━━━━━ RECORDS FOR PROCESSING ━━━━━
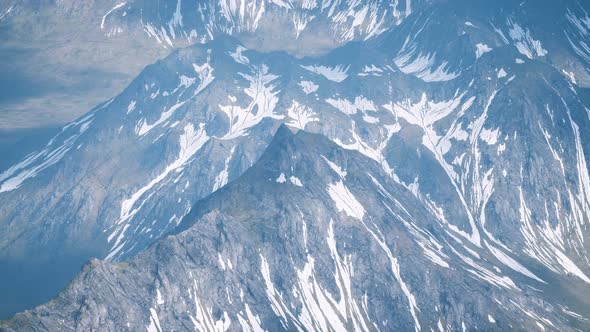 Aerial View Landscape of Mountais with Snow Covered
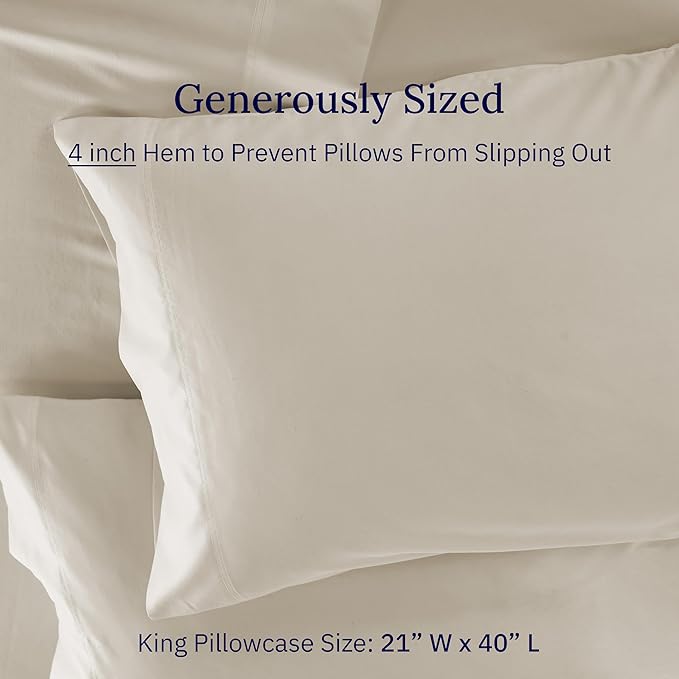 California Design Den Premium King Size Pillowcases Set of 2-600 Thread Count Sateen, Natural 100% Cotton Pillowcases King, Crisp, Durable Bedding - Soft Linen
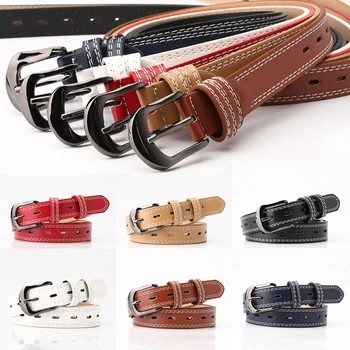 

Vintage Style Women Pu Leather Pure Color Belt High Quality Alloy Pin Buckle Fashion Sewing Thread Desgin Student Waistband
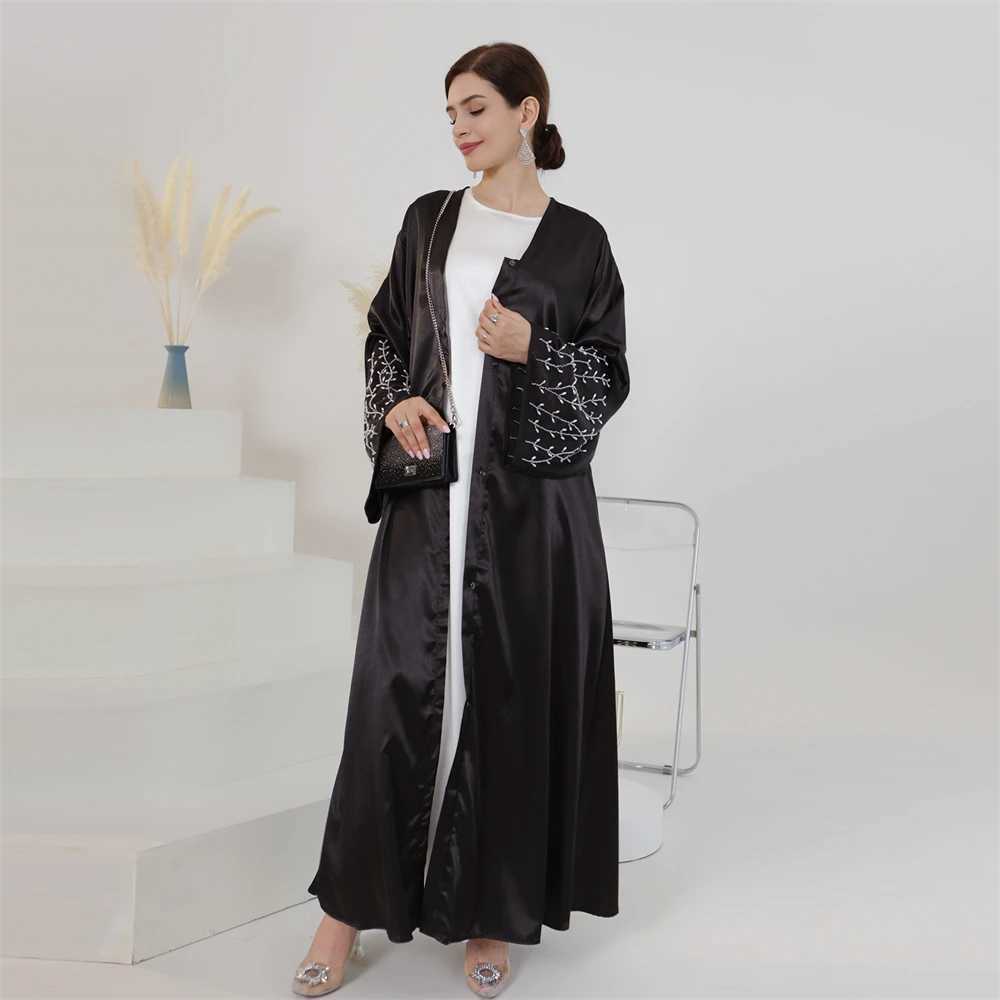 Muslim Beaded Dress Dubai Turkey Kaftan Eid Ramadan Islamic Jalabiya Kimono Cardigan Arabic Open Abayas Femme Musulman Vestidos X250514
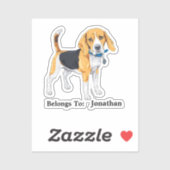 Beagle Personalisierter Aufkleber für den benutzer (Blatt)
━━━━━
*WORK ITEM*
The output should hold only the lines from the one containing "Muslim Beaded Dress" through the last line of the listing, reproduced exactly, pictures omitted.

*RESPONSE BELOW*
 Muslim Beaded Dress Dubai Turkey Kaftan Eid Ramadan Islamic Jalabiya Kimono Cardigan Arabic Open Abayas Femme Musulman Vestidos X250514
 Beagle Personalisierter Aufkleber für den benutzer (Blatt)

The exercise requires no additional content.